We were not alone in our perusal. A steady stream of art lovers walked the galleries with us. Some were content just to look, but others were star struck to meet the actual artists. I spent half an hour in conversation with a middle-aged couple who hung on my every word, as if I were an authority whose wisdom they wished to imbibe. I mean sure, I had opinions about everything I saw, and could defend those opinions, but I was nothing exceptional. Still, it was a heady feeling, not to be ignored.

Around mid-afternoon we went to the upper floors of the public part of the house. These former residences were now the exhibition workspaces, where fellows could work in public view. The spaces felt much less personal than the main workspace. Anthony was hard at work, barely looking up to acknowledge us as he scrutinized his canvas, in relationship to the bowl of fruit sitting on a pedestal to one side.

Madge spoke loud enough for Anthony to hear. “You wouldn’t know it to look at him, but Anthony is quite the showman. I’d say he uses the public workspace more than the private, just so he can put on a performance for his admiring public.” Footsteps outside in the corridor made Madge grin. “And here they are now.”

The only other occupied upstairs room contained a massive clay sculpture, as well as Darren, laboring over it. He greeted us with a smile. “I woke up thinking about this guy,” he told us. “Couldn’t get back to sleep.”

Madge returned to the lower floors, but I remained behind, perched on a stool to watch Darren sculpt.

He worked the clay deftly, exposing to the air only the portion that he was focusing on. The rest remained carefully wrapped to keep it from drying out. His hands were sheathed in a gray-pink film, nearly up to his elbows. He had pushed up the sleeves of his turtleneck — a different one from this morning, knit and closely fitting — as far as they would go. Even so, the garment was speckled with splashes of clay.

The sculpture was a female figure who appeared to be in mid-dance.
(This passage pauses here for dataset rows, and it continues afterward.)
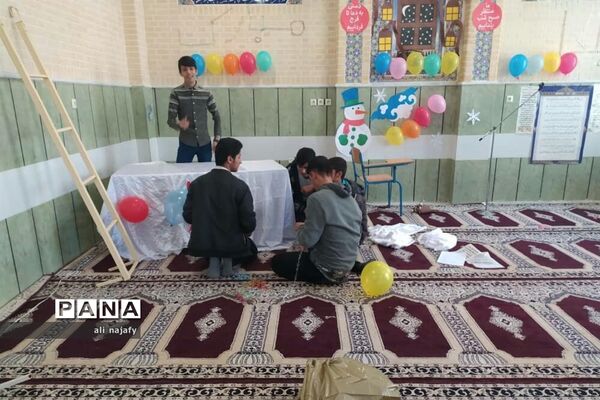 برگزاری آیین شب یلدا در دبیرستان پسرانه رازی بِیرَم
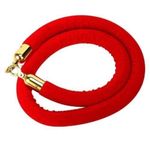 Original Stanchion Rope With Gold Hook - Red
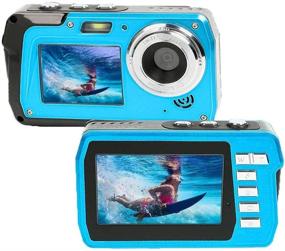 img 4 attached to 2.7K Waterproof Camera Video Recorder with Dual Screen TFT Displays - 📷 Perfect Selfie Underwater Cameras, 48 MP Camcorder for Snorkeling - Waterproof Digital Camera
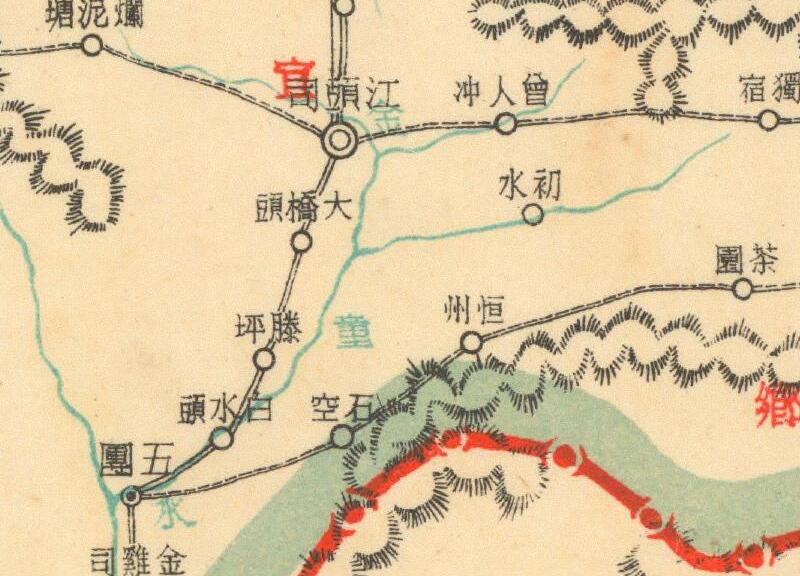 1940年湖南《城步县图》插图3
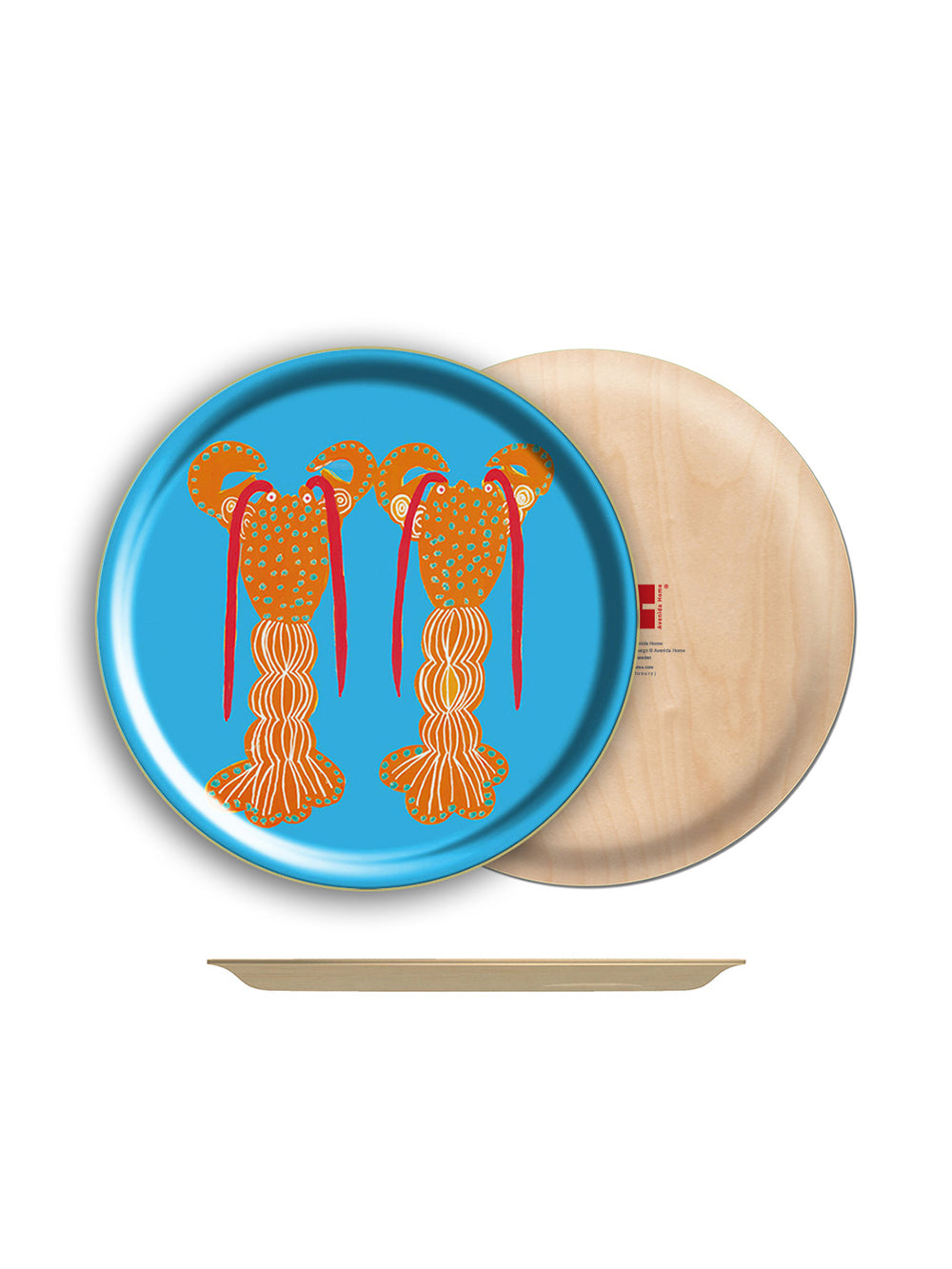 Mr and Mrs Lobster Round Tray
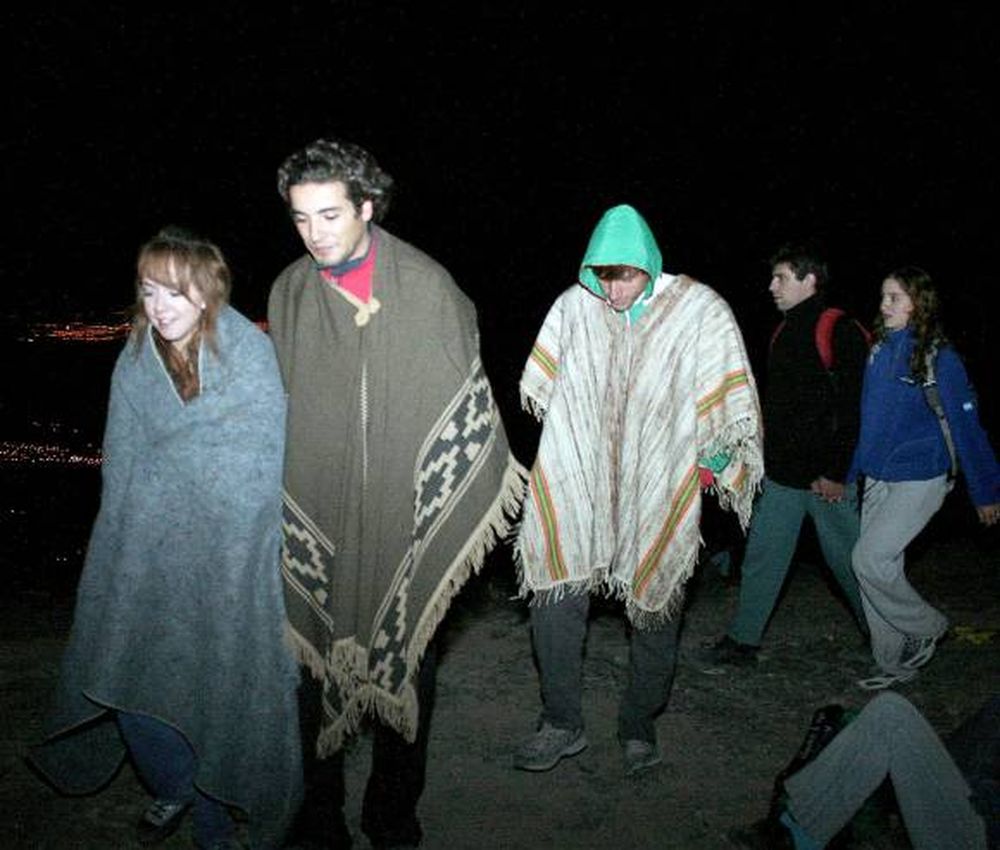 Aparecieron los ponchos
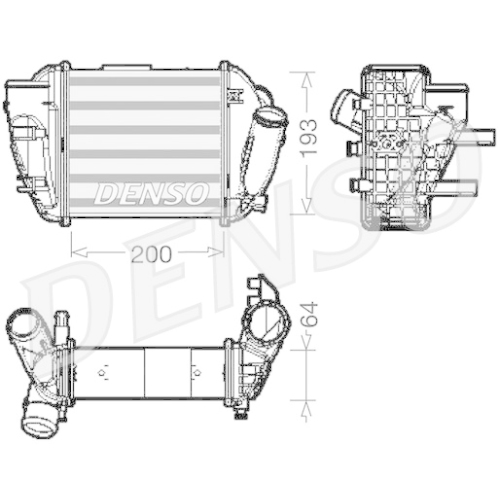 DENSO Ladeluftkühler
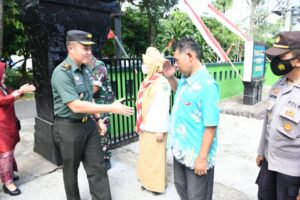 Jalin Sinergitas, Muspika Tamanan Sambut kedatangan Dandim 0822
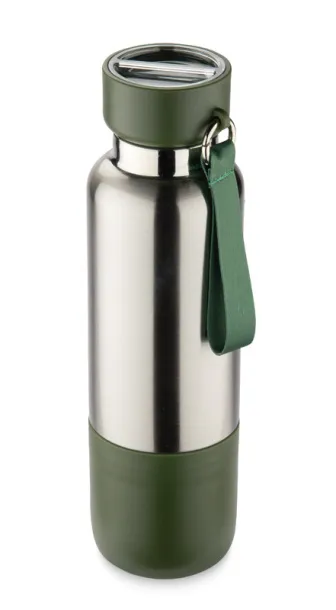 RON Vacuum flask with a lanyard RON 500 ml Maslinasto zelena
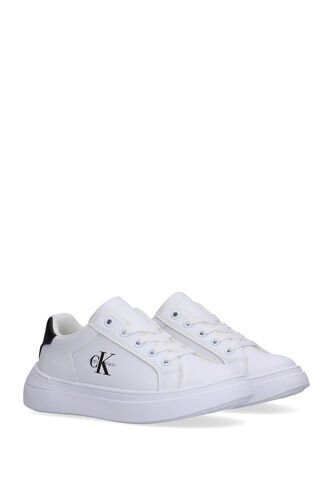 Tenis Blanco De Corte Bajo Con Cordones Calvin Klein Calvin Klein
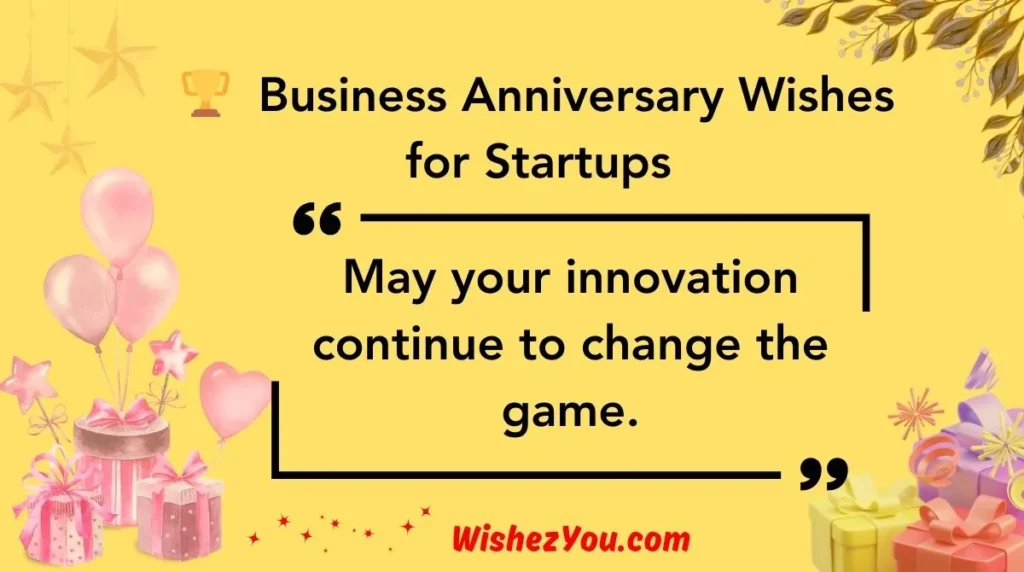  Business Anniversary Wishes for Startups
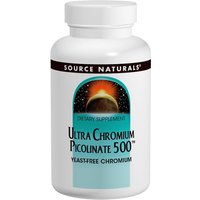 Ultra Chromium Picolinate 500, 120 Tablets, Source Naturals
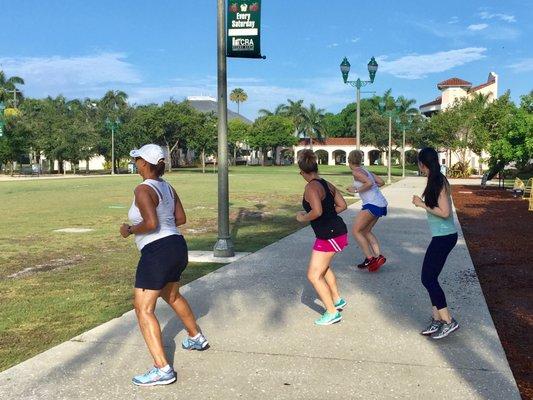 Hitting all of the parks during our morning City Walk w/Intervals - Vita Vie Retreat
Her limbs were long and lithe, her fingers elegantly curled. I could almost sense the motion.

“You don’t have to stay quiet on my behalf,” he said after a while. “I can talk and work at the same time.”

“I’m used to working alone, but I like having something on in the background,” I replied. “I used to put on old Bob Ross episodes.”

“Oh man, if I could have that voice just telling me that everything was okay, all the time, I’d be way more confident.”

“You should be! Your work is amazing.” He managed to make a dismissive gesture without ever stopping his sculpt. “No, I’m serious. You’re tremendously talented. I mean, all of you are here.”

“I’ve only been here for two years myself,” he said. “All I’ve really learned, I think, is how far I have to go. I mean sure, you work on a project and you learn something along the way. But I feel like I only learn just enough to realize how much better I could have done. It’s a bitter cycle.”

We continued chatting amiably for the rest of the afternoon. My butt had long since fallen asleep on the stool, and I had to pee terribly, but I was afraid that if I left, I wouldn’t have the excuse to come back in. So far, Darren was the closest thing I had to a peer here, and I hoped that in time he would be a friend.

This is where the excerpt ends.